New article /p/74

iBug · iBug · commit f55dafaaead4 · 2024-10-27T15:12:02.000+08:00
diff --git a/_posts/2024/2024-10-27-ustc-mirrors-zfs-rebuild.md b/_posts/2024/2024-10-27-ustc-mirrors-zfs-rebuild.md
@@ -0,0 +1,375 @@
+---
+title: Beating $3k SSD with $2k HDD?
+tagline: Practical ZFS application on USTC Mirrors
+tags: linux server zfs
+redirect_from: /p/74
+header:
+  actions:
+    - label: '<i class="fas fa-presentation-screen"></i> View slides'
+      url: /p/72
+---
+
+A.K.A. Practical ZFS application on USTC Mirrors. A writeup of the talk I gave at Nanjing University this August.
+
+{% assign image_base = "https://image.ibugone.com" %}
+
+## Background
+
+[USTC Open-Source Software Mirrors](https://mirrors.ustc.edu.cn/) is one of the largest public mirror sites in China. In the two months of May and June 2024, we served an average daily egress traffic of some 36 TiB, which breaks down as follows:
+
+- 19 TiB from HTTP/HTTPS, among 17M requests
+- 10.3 TiB from rsync, among 21.8k requests (if we count one absurd client in, the number of requests goes to 147.8k)
+
+Over the years, as mirror repositories have grown and new repositories have been added, we have been running tight on disk space. For our two servers responsible for the mirror service, we have reached unhealthy levels of disk usage:
+
+- HTTP server (XFS): 63.3 TiB used out of 66.0 TiB (96%, achieved on December 18, 2023)
+- Rsync server (ZFS): 42.4 TiB used out of 43.2 TiB (98%, achieved on November 21, 2023)
+
+The servers have the following configurations:
+
+<dl>
+<dt>HTTP server</dt>
+<dd markdown="1">
+- Set up in Fall 2020
+- Twelve 10 TB HDDs + One 2 TB SSD
+- XFS on LVM on hardware RAID
+- Reserved free PEs on LVM VG level as XFS cannot be shrunk
+</dd>
+
+<dt>Rsync server</dt>
+<dd markdown="1">
+- Set up in Winter 2016
+- Twelve 6 TB HDDs + some smaller SSDs for OS and cache
+- RAID-Z3 on ZFS, 8 data disks + 3 parity disks + 1 hot spare
+- All default parameters (except `zfs_arc_max`)
+</dd>
+</dl>
+
+These servers are constantly running at an I/O utilization of over 90%, which results in less than 50 MB/s download speed even from within USTC campus.

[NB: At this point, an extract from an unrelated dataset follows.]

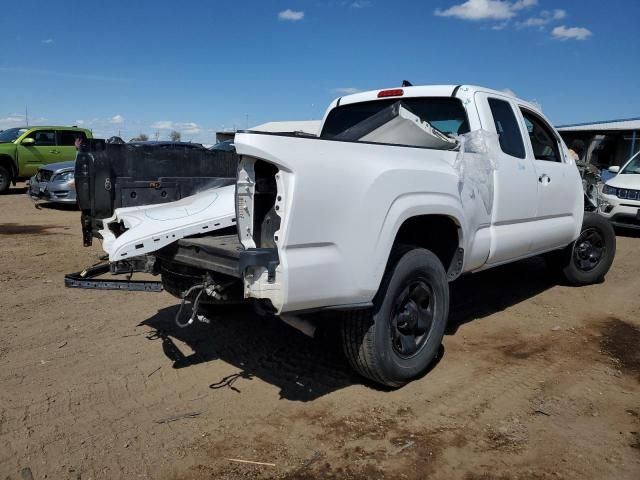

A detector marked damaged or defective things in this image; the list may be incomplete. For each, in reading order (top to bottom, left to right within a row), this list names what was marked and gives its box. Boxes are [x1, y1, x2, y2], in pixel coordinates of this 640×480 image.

damaged white pickup truck [70, 85, 616, 386]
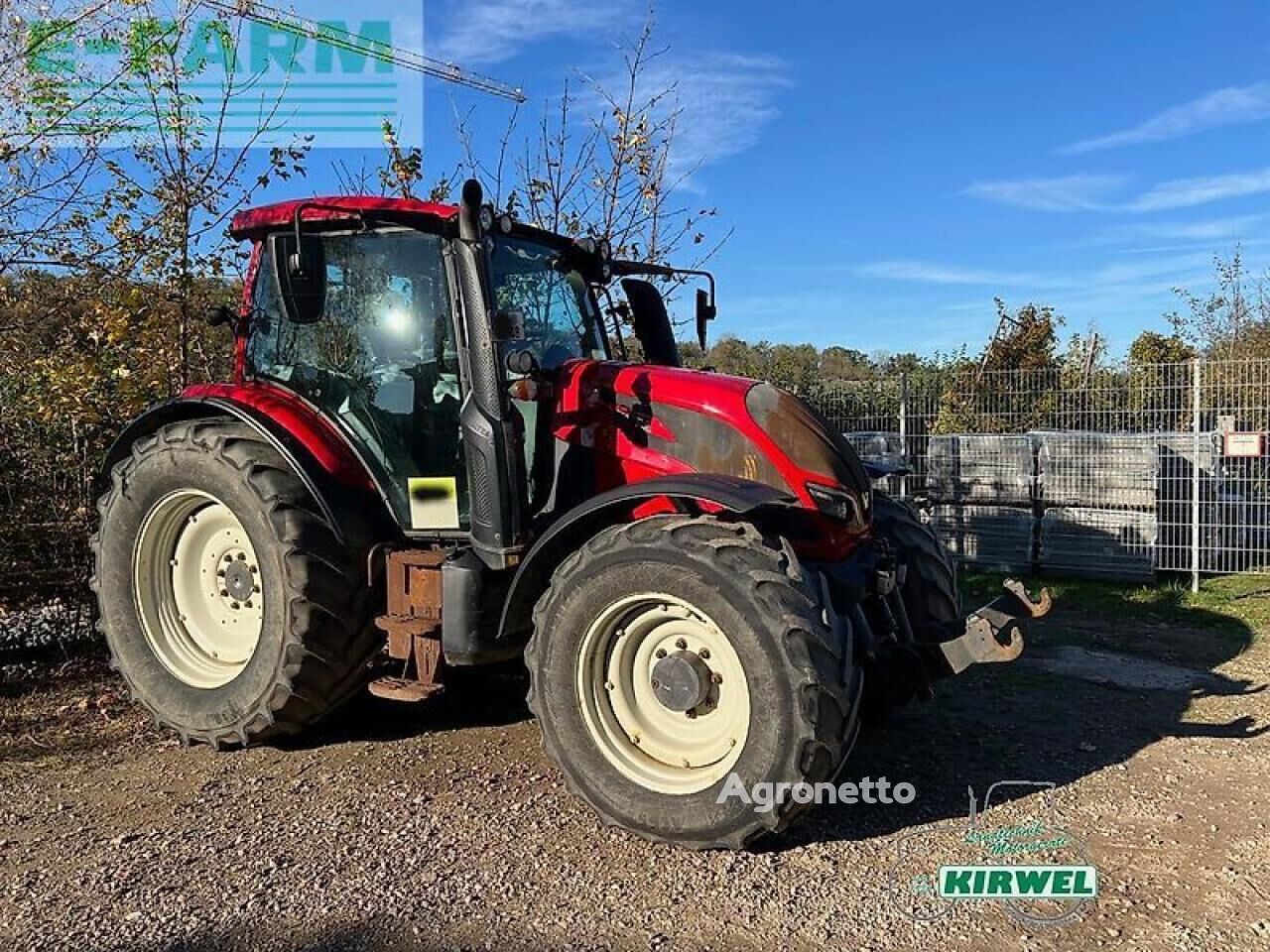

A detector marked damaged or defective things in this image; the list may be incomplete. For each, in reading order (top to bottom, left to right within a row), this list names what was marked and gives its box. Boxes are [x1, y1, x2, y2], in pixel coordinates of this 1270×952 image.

rusty front weight bracket [935, 578, 1051, 674]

Clearly this is not the ideal performance for this kind of dedicated storage servers.
+
+{% include figure
+  image_path="https://image.ibugone.com/grafana/mirrors-io-utilization-may-2024.png"
+  popup=true
+  alt="I/O load of two servers from USTC Mirrors in May 2024"

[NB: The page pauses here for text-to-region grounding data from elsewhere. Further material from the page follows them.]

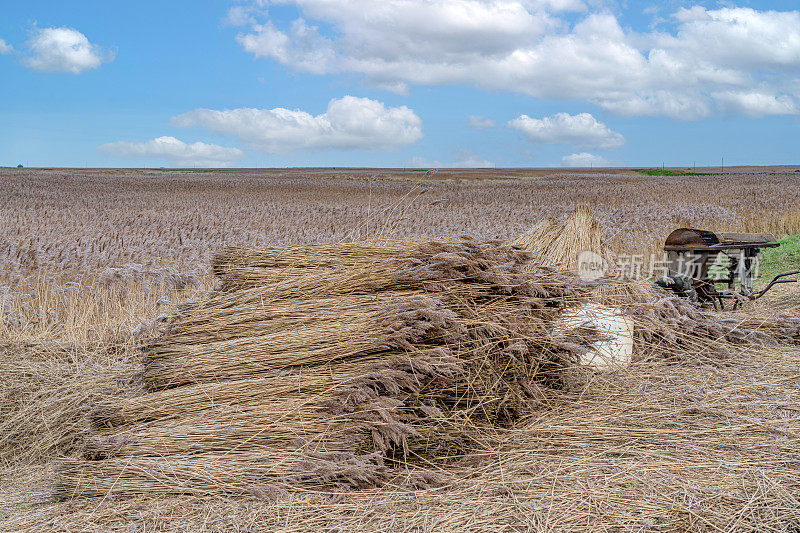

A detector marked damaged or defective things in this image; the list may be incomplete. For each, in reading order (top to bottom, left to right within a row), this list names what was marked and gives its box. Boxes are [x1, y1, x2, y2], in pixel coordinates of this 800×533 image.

rusty metal machine part [656, 228, 792, 310]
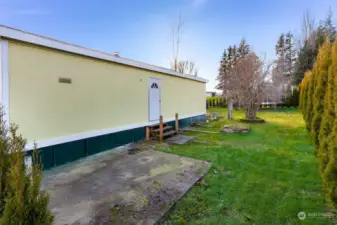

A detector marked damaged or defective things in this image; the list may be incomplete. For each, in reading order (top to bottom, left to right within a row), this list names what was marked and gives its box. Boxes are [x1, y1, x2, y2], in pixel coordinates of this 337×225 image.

cracked concrete patio [41, 143, 210, 224]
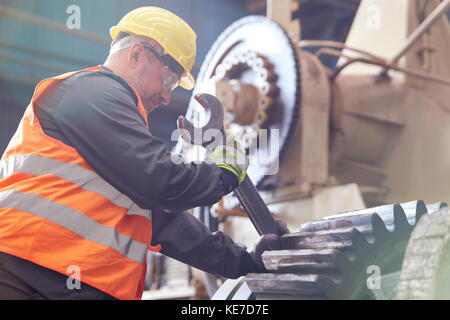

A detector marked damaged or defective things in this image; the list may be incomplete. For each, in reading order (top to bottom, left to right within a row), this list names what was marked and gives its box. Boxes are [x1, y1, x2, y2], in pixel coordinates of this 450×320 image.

rusty metal surface [244, 200, 448, 300]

+  caption="I/O load of two servers from USTC Mirrors in May 2024" %}
+
+## ZFS
+
+ZFS is usually known for being the ultimate single-node storage solution. It combines RAID, volume management, and filesystem in one, and provides advanced features like snapshots, clones and send/receive. Everything in ZFS is checksummed, ensuring data integrity. For servers dedicated to storage, ZFS appears to be a "fire and forget" solution, which is easily challenged by its tremendous amount of tunables and parameters.
+
+As preliminary learning and experiments, I sourced some drives for my own workstation and set up two ZFS pools on them. Then I signed up for some private tracker (PT) sites for I/O load to tune for. The results were quite satisfying: In two years and a half, my single-node PT station has generated 1.20 PiB of uploads.
+
+Over the years, I have gathered some of my most important sources for learning ZFS:
+
+- Chris's Wiki: <https://utcc.utoronto.ca/~cks/space/blog/>
+- OpenZFS Documentation: <https://openzfs.github.io/openzfs-docs/>
+- My own blog: [Understanding ZFS block sizes]({{ "/p/62" | relative_url }})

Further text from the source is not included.